### RECORDS SHOWN
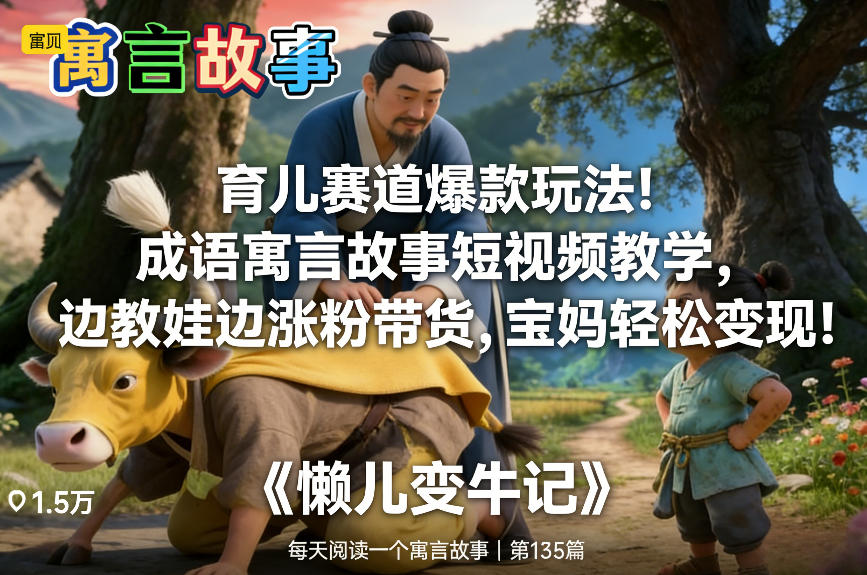 育儿赛道爆款玩法！成语寓言故事短视频教学，边教娃边涨粉带货，宝妈轻松变现！-冒泡网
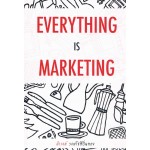 Everything Is Marketing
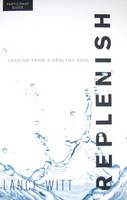 Replenish: Leading from a Healthy Soul (Paperback)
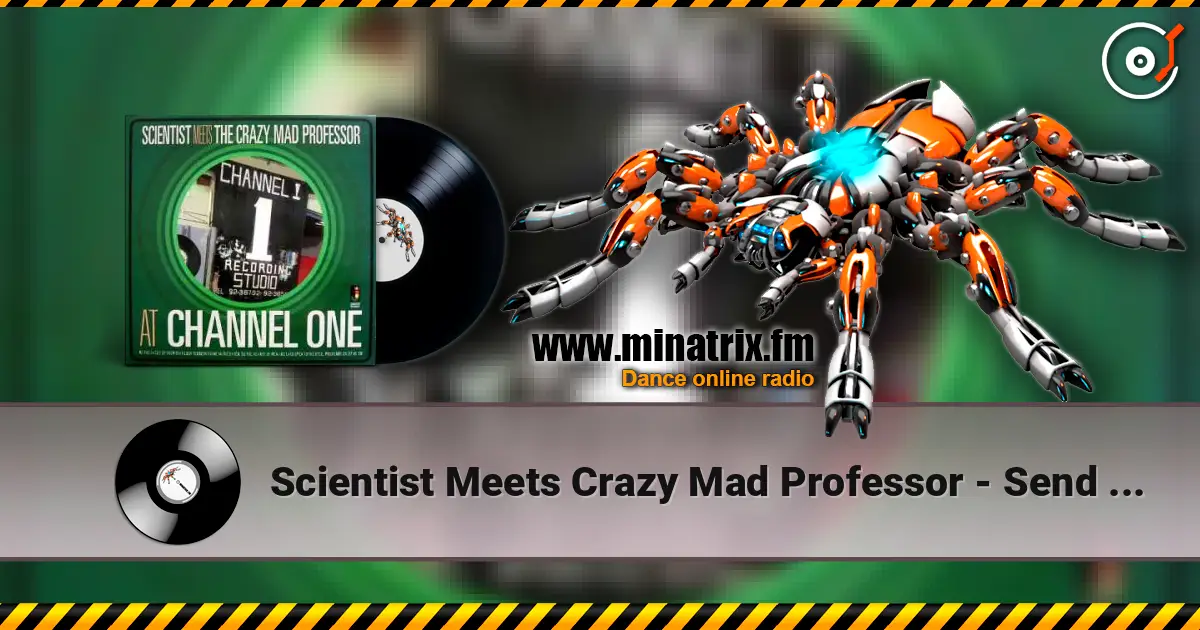 Scientist Meets Crazy Mad Professor - Send them dub écouter en ligne en haute qualité | Minatrix.FM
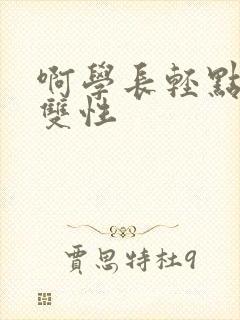 啊学长轻点高h双性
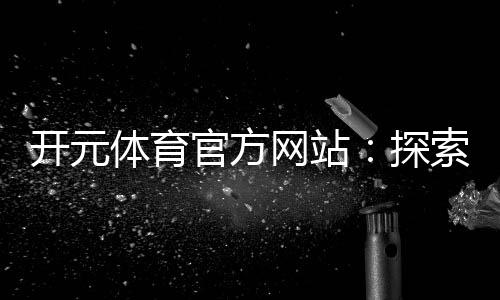 开元体育官方网站：探索顶级电子游艺平台的无限魅力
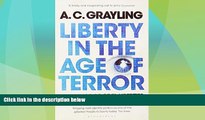 Big Deals  Liberty in the Age of Terror: A Defence of Civil Liberties and Enlightenment Values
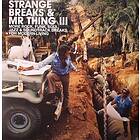 Strange Breaks & Mr Thing 3 (Vinyl)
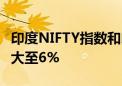 印度NIFTY指数和印度SENSEX指数跌幅均扩大至6%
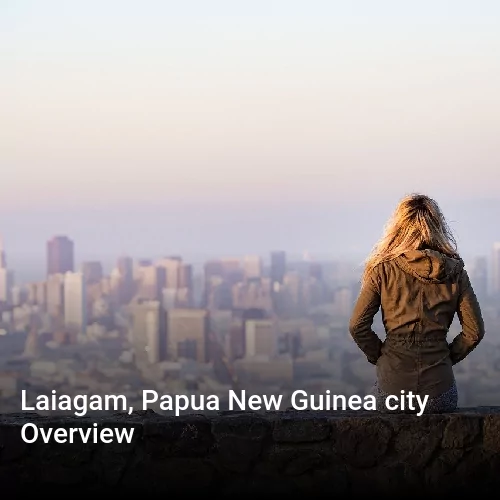 Laiagam, Papua New Guinea city Overview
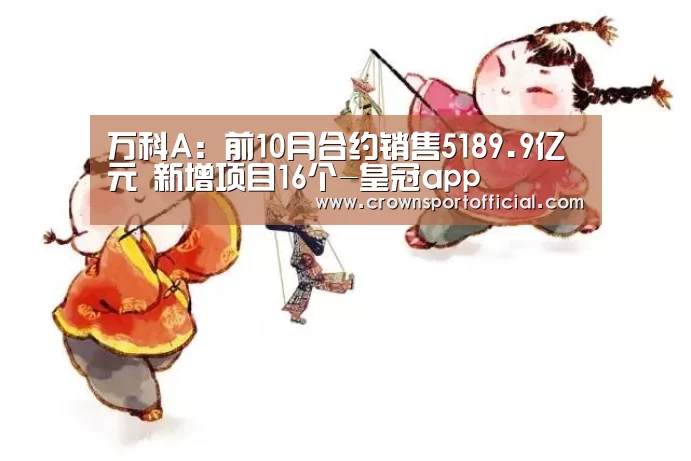 万科A:前10月合约销售5189.9亿元 新增项目16个-皇冠app(图2) 皇冠app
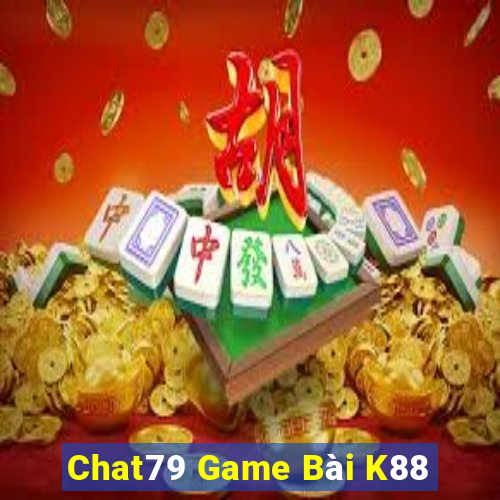 Chat79 Game Bài K88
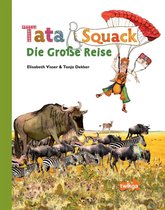 Tata & Squack - Die Große Reise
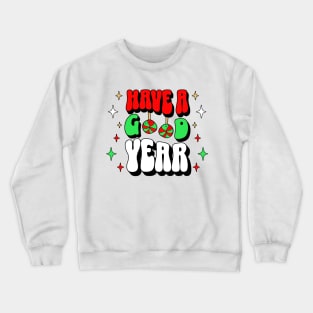 Have a Good Year! Crewneck Sweatshirt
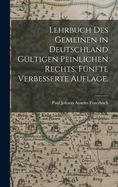 Lehrbuch Des Gemeinen in Deutschland Gultigen Peinlichen Rechts. Funfte Verbesserte Auflage.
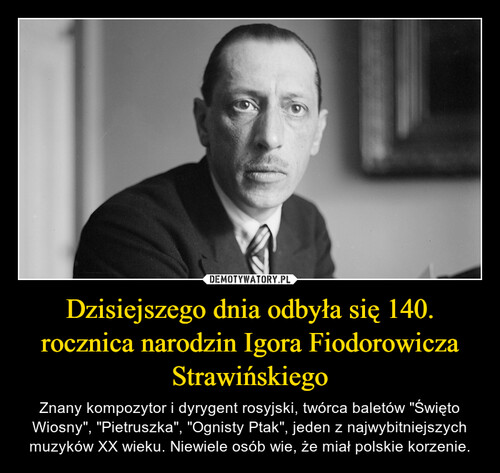 Dzisiejszego dnia odbyła się 140. rocznica narodzin Igora Fiodorowicza Strawińskiego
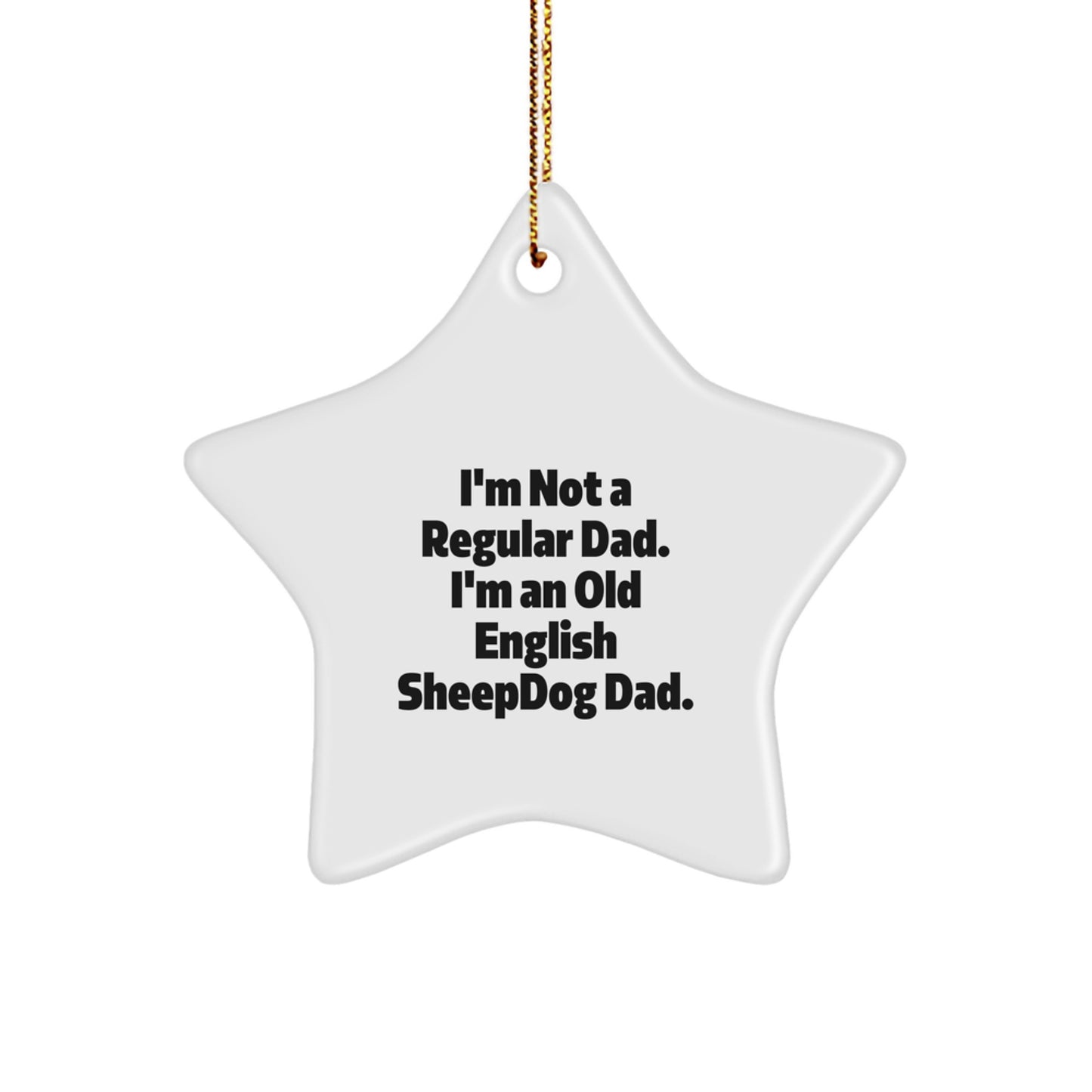 Funny Old English SheepDog Dad Star Ornament, Gifts from Him to You, Perfect for Christmas Unique Gifts - Image 1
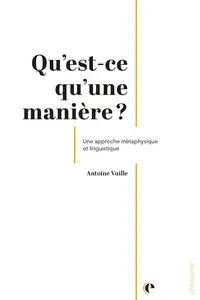Qu'est-ce qu'une manière?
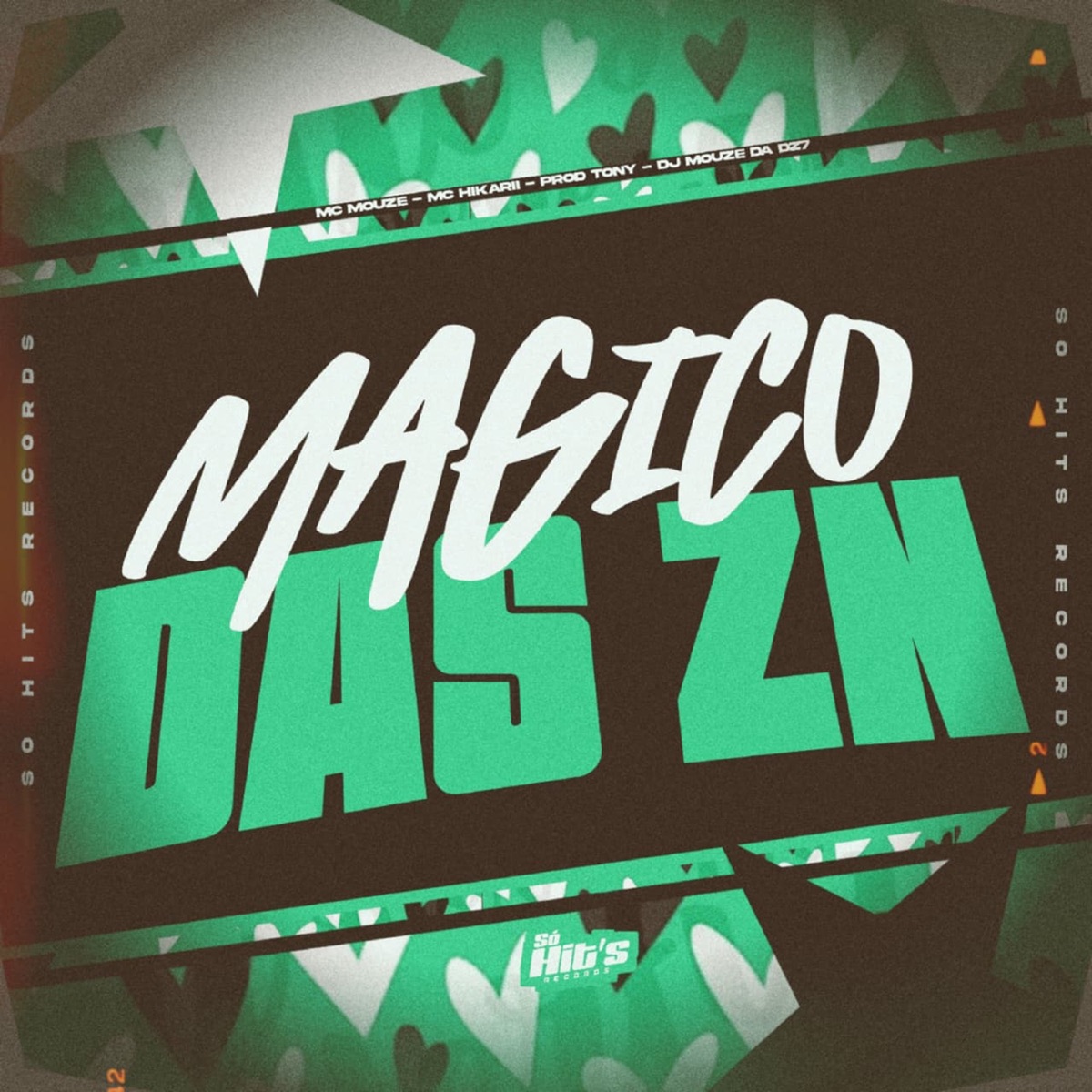Magico Das ZN - Single by Prod.Tonyy, DJ MOUZE DA DZ7, MC Hikari & MC MOUZE album cover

### PROBLEM DETAILS
What is needed is an exact copy of the data, without any pictures.

### REPLY TO THE TASK
 育儿赛道爆款玩法！成语寓言故事短视频教学，边教娃边涨粉带货，宝妈轻松变现！-冒泡网
 Everything Is Marketing
 Replenish: Leading from a Healthy Soul (Paperback)
 Scientist Meets Crazy Mad Professor - Send them dub écouter en ligne en haute qualité | Minatrix.FM
 啊学长轻点高h双性
 开元体育官方网站：探索顶级电子游艺平台的无限魅力
 Big Deals  Liberty in the Age of Terror: A Defence of Civil Liberties and Enlightenment Values
 Strange Breaks & Mr Thing 3 (Vinyl)
 印度NIFTY指数和印度SENSEX指数跌幅均扩大至6%
 Laiagam, Papua New Guinea city Overview
 万科A:前10月合约销售5189.9亿元 新增项目16个-皇冠app(图2) 皇冠app
 Chat79 Game Bài K88
 Tata & Squack - Die Große Reise
 Have a Good Year! Crewneck Sweatshirt
 Lehrbuch Des Gemeinen in Deutschland Gultigen Peinlichen Rechts. Funfte Verbesserte Auflage.
 Dzisiejszego dnia odbyła się 140. rocznica narodzin Igora Fiodorowicza Strawińskiego
 Funny Old English SheepDog Dad Star Ornament, Gifts from Him to You, Perfect for Christmas Unique Gifts - Image 1
Qu'est-ce qu'une manière?
Magico Das ZN - Single by Prod.Tonyy, DJ MOUZE DA DZ7, MC Hikari & MC MOUZE album cover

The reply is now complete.